Salvianolic acid B ameliorates depressive-like behaviors in chronic mild stress-treated mice: involvement of the neuroinflammatory pathway

Jin-Qiang Zhang  1 Xiao-Hui Wu  1 Yi Feng  1 Xiao-Fang Xie  2 Yong-Hua Fan  1 Shuo Yan  1 Qiu-Ying Zhao  1 Cheng Peng  2 Zi-Li You  1
Affiliations

Salvianolic acid B ameliorates depressive-like behaviors in chronic mild stress-treated mice: involvement of the neuroinflammatory pathway

Jin-Qiang Zhang et al. Acta Pharmacol Sin. 2016 Sep.

Abstract

Aim: Major depressive disorder (MDD) is a debilitating mental disorder associated with dysfunction of the neurotransmitter-neuroendocrine system and neuroinflammatory responses. Salvianolic acid B (SalB) has shown a variety of pharmacological activities, including anti-inflammatory, antioxidant and neuroprotective effects. In this study, we examined whether SalB produced antidepressant-like actions in a chronic mild stress (CMS) mouse model, and explored the mechanisms underlying the antidepressant-like actions of SalB.

Methods: Mice were subjected to a CMS paradigm for 6 weeks. In the last 3 weeks the mice were daily administered SalB (20 mg·kg(-1)·d(-1), ip) or a positive control drug imipramine (20 mg·kg(-1)·d(-1), ip). The depressant-like behaviors were evaluated using the sucrose preference test, the forced swimming test (FST), and the tail suspension test (TST). The gene expression of cytokines in the hippocampus and cortex was analyzed with RT-PCR. Plasma corticosterone (CORT) and cerebral cytokines levels were assayed with an ELISA kit. Neural apoptosis and microglial activation in brain tissues were detected using immunofluorescence staining.

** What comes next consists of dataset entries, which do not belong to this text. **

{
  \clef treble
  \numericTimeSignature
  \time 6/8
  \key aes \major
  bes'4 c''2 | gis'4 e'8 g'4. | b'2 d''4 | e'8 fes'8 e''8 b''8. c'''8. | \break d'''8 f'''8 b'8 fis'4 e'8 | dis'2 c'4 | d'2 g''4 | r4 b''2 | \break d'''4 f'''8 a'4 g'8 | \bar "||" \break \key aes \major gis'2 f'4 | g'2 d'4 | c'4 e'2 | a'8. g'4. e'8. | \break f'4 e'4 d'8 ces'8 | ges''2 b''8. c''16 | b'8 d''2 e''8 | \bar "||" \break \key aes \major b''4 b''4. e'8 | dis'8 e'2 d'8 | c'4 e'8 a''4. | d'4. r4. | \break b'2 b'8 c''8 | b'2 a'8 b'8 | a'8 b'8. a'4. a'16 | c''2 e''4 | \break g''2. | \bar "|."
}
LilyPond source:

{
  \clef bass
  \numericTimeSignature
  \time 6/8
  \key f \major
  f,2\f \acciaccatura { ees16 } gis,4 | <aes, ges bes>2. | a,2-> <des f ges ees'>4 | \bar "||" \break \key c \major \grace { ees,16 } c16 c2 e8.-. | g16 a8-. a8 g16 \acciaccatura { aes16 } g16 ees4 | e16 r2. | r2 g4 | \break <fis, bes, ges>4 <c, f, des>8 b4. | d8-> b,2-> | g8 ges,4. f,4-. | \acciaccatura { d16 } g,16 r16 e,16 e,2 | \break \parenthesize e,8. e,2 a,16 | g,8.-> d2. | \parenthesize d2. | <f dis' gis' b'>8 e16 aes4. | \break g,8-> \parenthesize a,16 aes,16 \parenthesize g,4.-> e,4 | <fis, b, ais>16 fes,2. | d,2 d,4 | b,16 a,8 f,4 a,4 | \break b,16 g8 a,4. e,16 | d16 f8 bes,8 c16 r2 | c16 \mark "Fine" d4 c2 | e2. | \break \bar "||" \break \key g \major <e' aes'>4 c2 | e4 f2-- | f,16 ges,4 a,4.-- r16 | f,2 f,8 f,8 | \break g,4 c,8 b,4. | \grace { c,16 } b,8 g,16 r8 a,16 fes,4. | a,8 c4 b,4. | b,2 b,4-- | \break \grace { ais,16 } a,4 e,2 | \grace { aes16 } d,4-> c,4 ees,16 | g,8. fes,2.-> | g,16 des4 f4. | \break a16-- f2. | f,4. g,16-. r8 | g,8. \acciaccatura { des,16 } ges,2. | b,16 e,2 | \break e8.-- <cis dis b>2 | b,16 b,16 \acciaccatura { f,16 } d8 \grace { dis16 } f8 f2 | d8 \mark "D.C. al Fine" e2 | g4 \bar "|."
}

Results: Administration of SalB or imipramine reversed the reduced sucrose preference ratio of CMS-treated mice, and significantly decreased their immobility time in the FST and TST. Administration of SalB significantly decreased the expression of pro-inflammatory cytokines IL-1β and TNF-α, and markedly increased the expression of anti-inflammatory cytokines IL-10 and TGF-β in the hippocampus and cortex of CMS-treated mice, and normalized their elevated plasma CORT levels, whereas administration of imipramine did not significantly affect the imbalance between pro- and anti-inflammatory cytokines in the hippocampus and cortex of CMS-treated mice. Finally, administration of SalB significantly decreased CMS-induced apoptosis and microglia activation in the hippocampus and cortex, whereas administration of imipramine had no significant effect on CMS-induced apoptosis and microglia activation in the hippocampus and cortex.

Conclusion: SalB exerts potent antidepressant-like effects in CMS-induced mouse model of depression, which is associated with the inhibiting microglia-related apoptosis in the hippocampus and the cortex.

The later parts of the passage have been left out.